Hi Floris,
On Jul 16, 2024, at 19:47, Floris Van Nee <florisvannee@Optiver.com> wrote:
Hi hackers,
I'm looking for some input on an issue I've observed. A common pattern
I've seen is using temporary tables to put data in before updating the
real tables. Something roughly like:
On session start:
CREATE TEMP TABLE temp_t1 (...) ON COMMIT DELETE ROWS;
On update:
BEGIN;
COPY temp_t1 FROM STDIN (FORMAT BINARY);
INSERT INTO t1 (SELECT * FROM temp_t1 ...) ON CONFLICT DO UPDATE SET ...;
-- potentially some other operations on temp table to put data into real table t1
COMMIT;
This pattern starts to break down under certain exceptional circumstances of
high concurrency. The "ON COMMIT DELETE ROWS" does a truncate that is
fairly expensive and doesn't work well in high-concurrency scenarios. It's
especially noticeable under following circumstances:
- high max_connections setting
- high number of temp tables per session
- concurrent writers at fairly short intervals
Impact is on both TPS on primary as well as that the WAL replay process
on replica becomes completely overloaded (100% cpu even though not
a lot of WAL is being generated)
A very simple pgbench example that showcases degradation (taken
with max_connections=2000 to clearly show it).

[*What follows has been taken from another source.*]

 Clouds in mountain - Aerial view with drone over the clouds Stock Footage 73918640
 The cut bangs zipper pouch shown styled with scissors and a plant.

I also encountered the similar performance issue with temporary tables
andprovided a patch to optimize the truncate performance during commit
in [1].
Additionally, is it possible to lower the lock level held during truncate for
temporary tables?
[1] https://www.postgresql.org/message-id/flat/tencent_924E990F0493010E2C8404A5D677C70C9707%40qq.com
Best Regards,
Fei Changhong